> ABOUT THIS EXERCISE: Return, exactly as written, the line containing "Fenton Glass Birthstone" and every line after it to the end of the records below, with no pictures.

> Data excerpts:
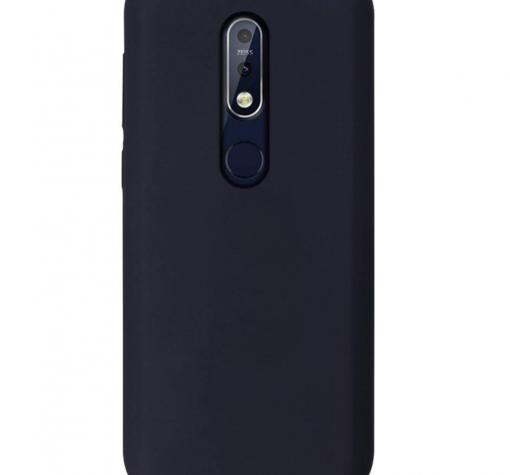 Силиконов калъф / гръб / TPU за Nokia 4.2 - черен / мат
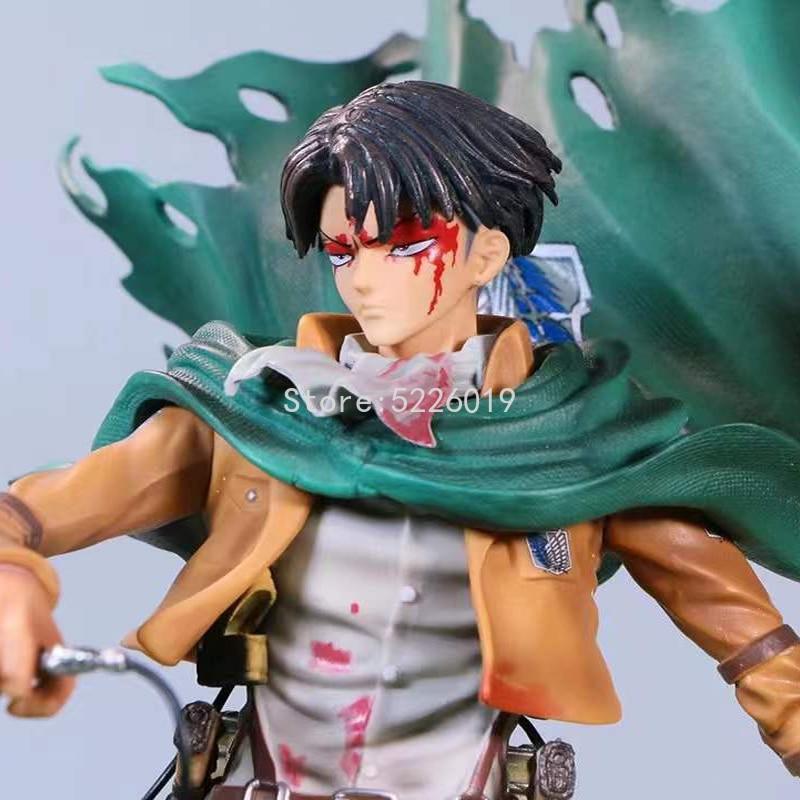35cm Attack On Titan Anime Figure Levi Ackmen Action Figure Shingeki No Kyojin Ackmen Figurine Eren Mikasa Ackerman Figure Doll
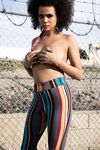 Fantastic Young Ebony Gets Fucked Through The Hole In Her Tights photos (Alina Ali, Ramon Nomar)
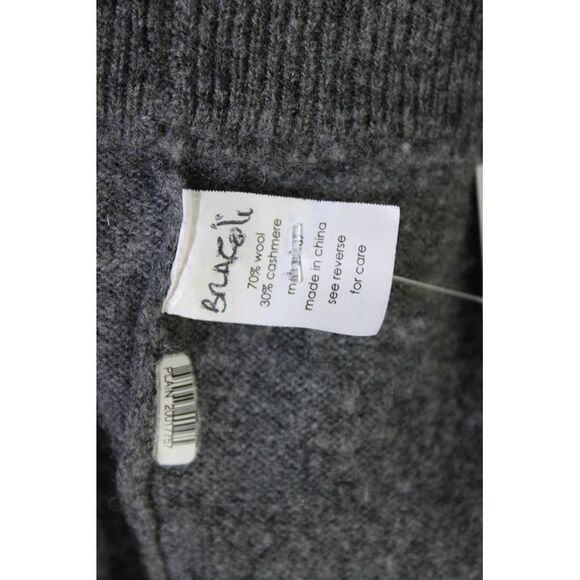 27 Miles Womens Button Down Cardigan Sweater Gray Wool Size Extra Small - Picture 4 of 6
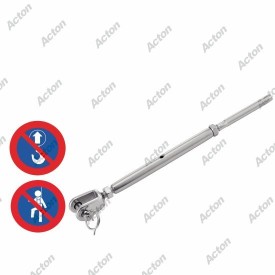 RIDOIR À CHAPE FIXE SOUDÉE + EMBOUT À SERTIR EN INOX A4 – DE 5 MM À 12 MM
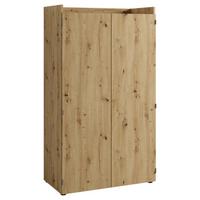 SEKRETÄR JANNE - Schwarz/Eiche Artisan, MODERN, Holzwerkstoff/Kunststoff (80/40/141cm) - MID.YOU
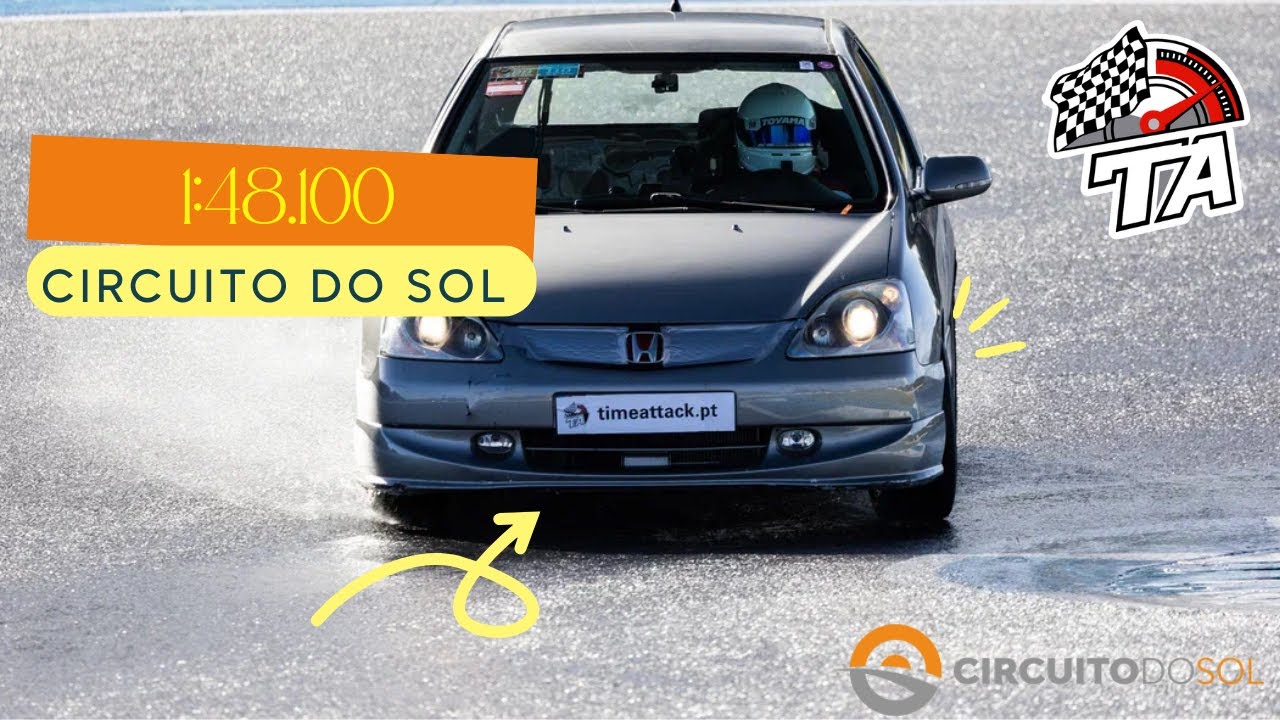 Civic EP1 | 1:48.100 at Circuito do Sol (timeattack.pt Round 2) — Wet | Nankang AR-1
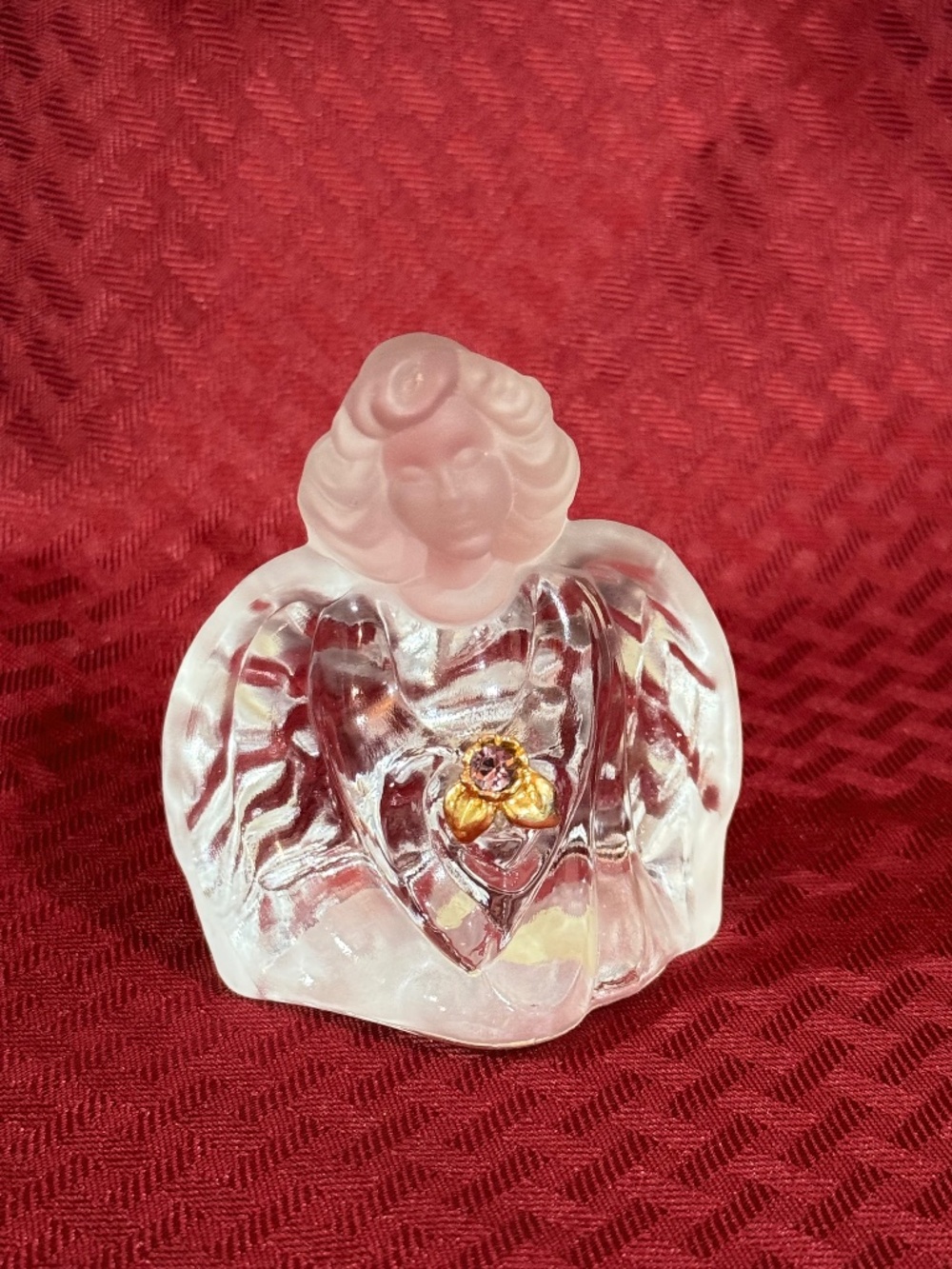 Fenton Glass Birthstone Guardian Angel Figurine Purple Amethyst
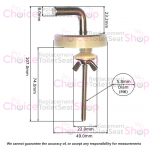Shires Unison Toilet Seat Hinge Set Chrome UV049AA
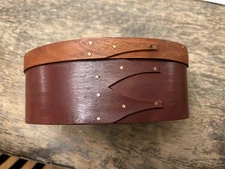 3 Finger Oval Pantry Lidded Band Box Handmade, Signed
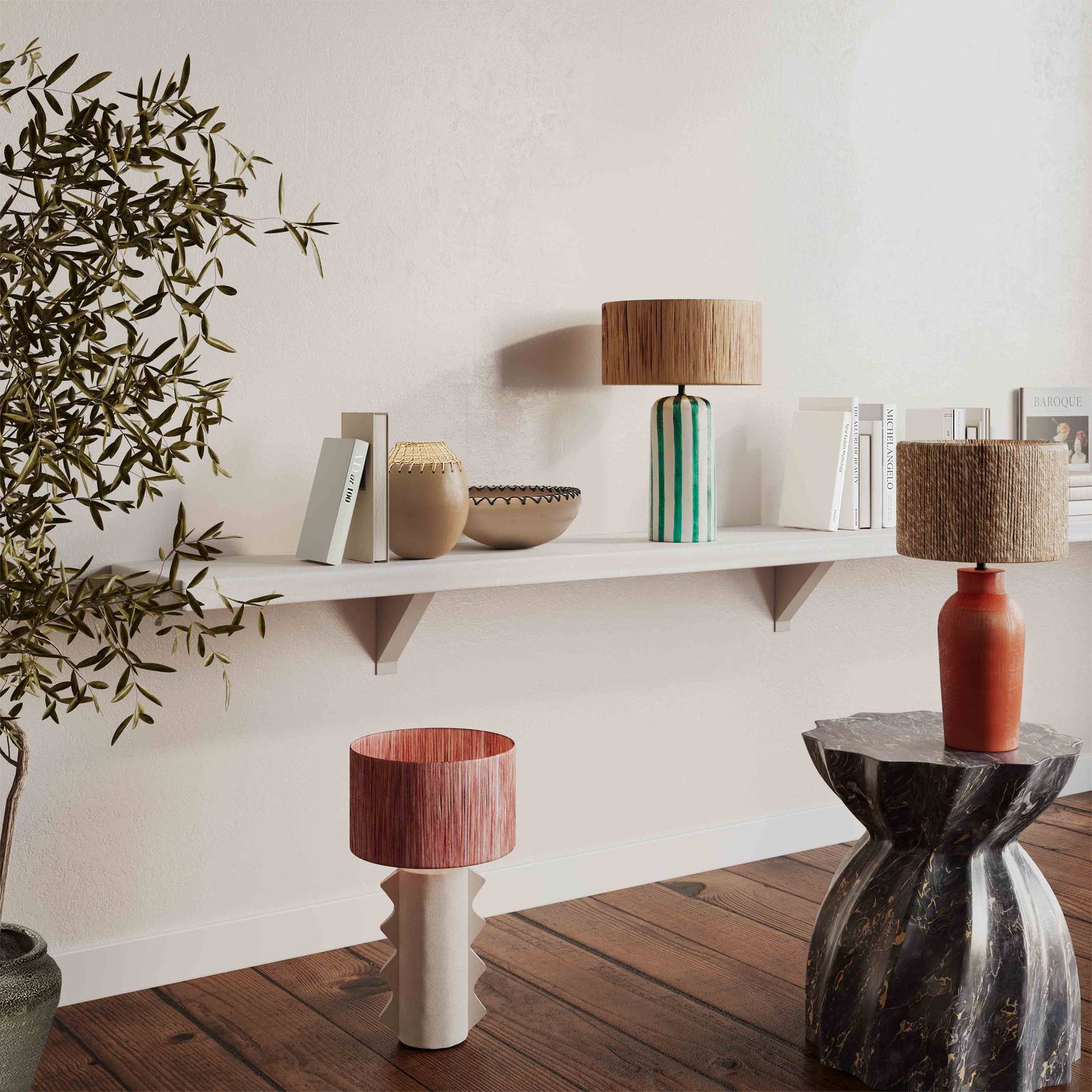 Wild Thing Papier Mache Table Lamp - Image 2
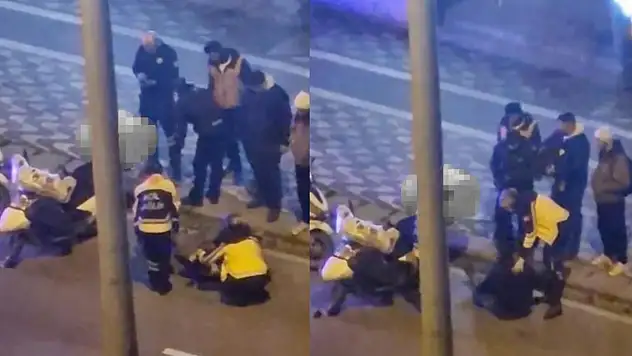 Seyir halindeyken motosikletten düşen kurye yaralandı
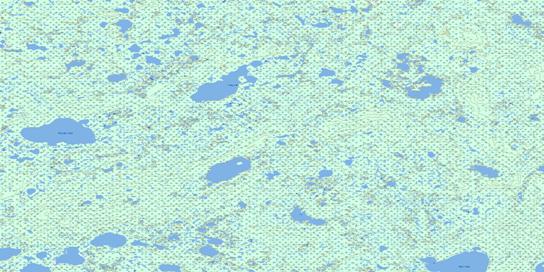 Mistake Lake Topo Map 054E02 at 1:50,000 scale - National Topographic System of Canada (NTS) - Toporama map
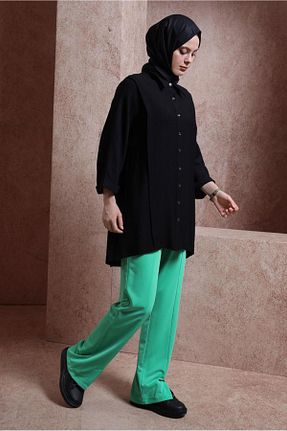 تونیک حجاب مشکی زنانه پلی استر Alvina - کد 818017066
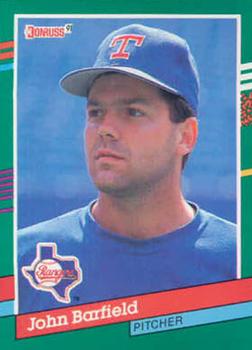 #688 John Barfield - Texas Rangers - 1991 Donruss Baseball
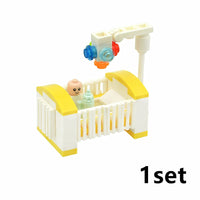 City Baby Stroller Furniture Baby Carriage for Lego Building Blocks Sets DIY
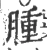 肿(宋·印刷字体·广韵)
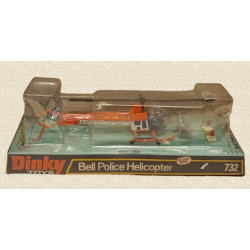 DINKY TOYS - BELL POLICE HELICOPTER - eicottero Art.732 Vintage '80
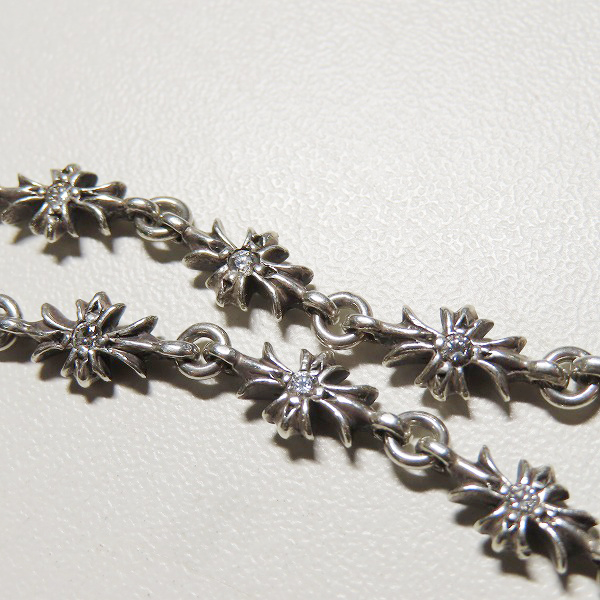 実際に弊社で買取させて頂いたCHROME HEARTS/クロムハーツ タイニーE CHプラス ブレスレット 12リンク パヴェダイヤ/アフターダイヤの画像 7枚目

> EXPECTED OUTPUT:
 Fenton Glass Birthstone Guardian Angel Figurine Purple Amethyst
Shires Unison Toilet Seat Hinge Set Chrome UV049AA
 3 Finger Oval Pantry Lidded Band Box Handmade, Signed
 Wild Thing Papier Mache Table Lamp - Image 2
 Seyir halindeyken motosikletten düşen kurye yaralandı
 Mistake Lake Topo Map 054E02 at 1:50,000 scale - National Topographic System of Canada (NTS) - Toporama map
 تونیک حجاب مشکی زنانه پلی استر Alvina - کد 818017066
 #688 John Barfield - Texas Rangers - 1991 Donruss Baseball
 City Baby Stroller Furniture Baby Carriage for Lego Building Blocks Sets DIY
 肿(宋·印刷字体·广韵)
 DINKY TOYS - BELL POLICE HELICOPTER - eicottero Art.732 Vintage '80
 実際に弊社で買取させて頂いたCHROME HEARTS/クロムハーツ タイニーE CHプラス ブレスレット 12リンク パヴェダイヤ/アフターダイヤの画像 7枚目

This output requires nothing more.